Politik    Sosial    Budaya    Ekonomi    Wisata    Hiburan    Sepakbola    Kuliner    Film   
Home » , » Sebaiknya Hukum Pidana Dijadikan Senjata Terakhir (Ultimum Remedium)

Sebaiknya Hukum Pidana Dijadikan Senjata Terakhir (Ultimum Remedium)

Posted by fimny on Kamis, 23 April 2015

Hukum itu untuk manusaia, bukan manusia untuk hukum, hukum harus  di terapkan dengan akal dan hatinurani, hukum yg baik adalah hukum yg memberikan akses kepastian,kemamfaatan dan keadilan bagi umat manusia secara kaffah. (Prof. Sadjipto Raharjo, Prof. Jeremy Bentham).

Sebuah Pengantar
Dalam kehidupan manusia tidak terlepas dari masalah-masalah hukum. Tanpa disadari atau tidak penyelesainnya lebih banyak di selesaikan oleh instansi pengadilan. Dalam gejolak era reformasi banyak kasus-kasus di majalah, koran, radio, televisei yang mencuak dihadapan publik, sampai saat ini banyak kasus yang kontroversial. Terutama dalam menghadapi masalah-masalah hukum di perlukan, teknik dan strategi serta pemahman yang baik sehingga kita mampu membedakan hukum mana yang memiliki kewenangan untuk menyelesaikan, serta pengadilan mana memutuskanya.

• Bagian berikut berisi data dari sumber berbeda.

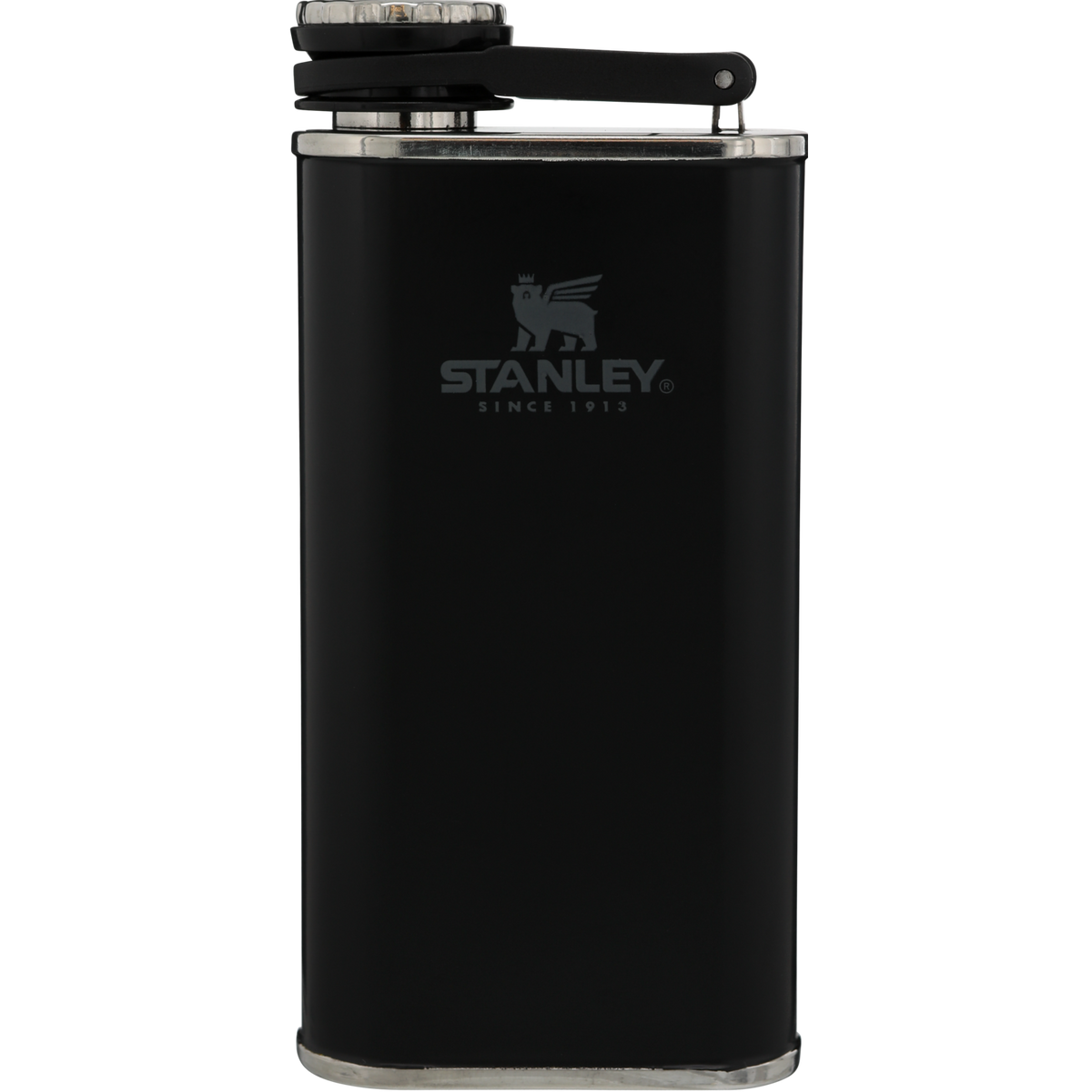 Classic Easy Fill Wide Mouth Flask D020U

Namun perlu di simak, berbagai kasus pidana yang mencuak di masyarakat misalkan: pencurian yang ringan, penghinaan, kecelakaan serta masalah-masalah lain yang seharusnya di selesaikan dengan capa adat-adat setempat terdahulu sebelum di bawa kepengadilan, tetapi dalam kenyataannya kasus-kasus tersebut lebih banyak diselesaikan oleh pengadilan, padahal   belum tentu pengadilan itu memberikan akses keadilan. Dengan demikian, perlu disadari oleh masyarakat, bahwa hukum pidana atau pengadilan pidan adalah upaya terakhir (ultimum remedium).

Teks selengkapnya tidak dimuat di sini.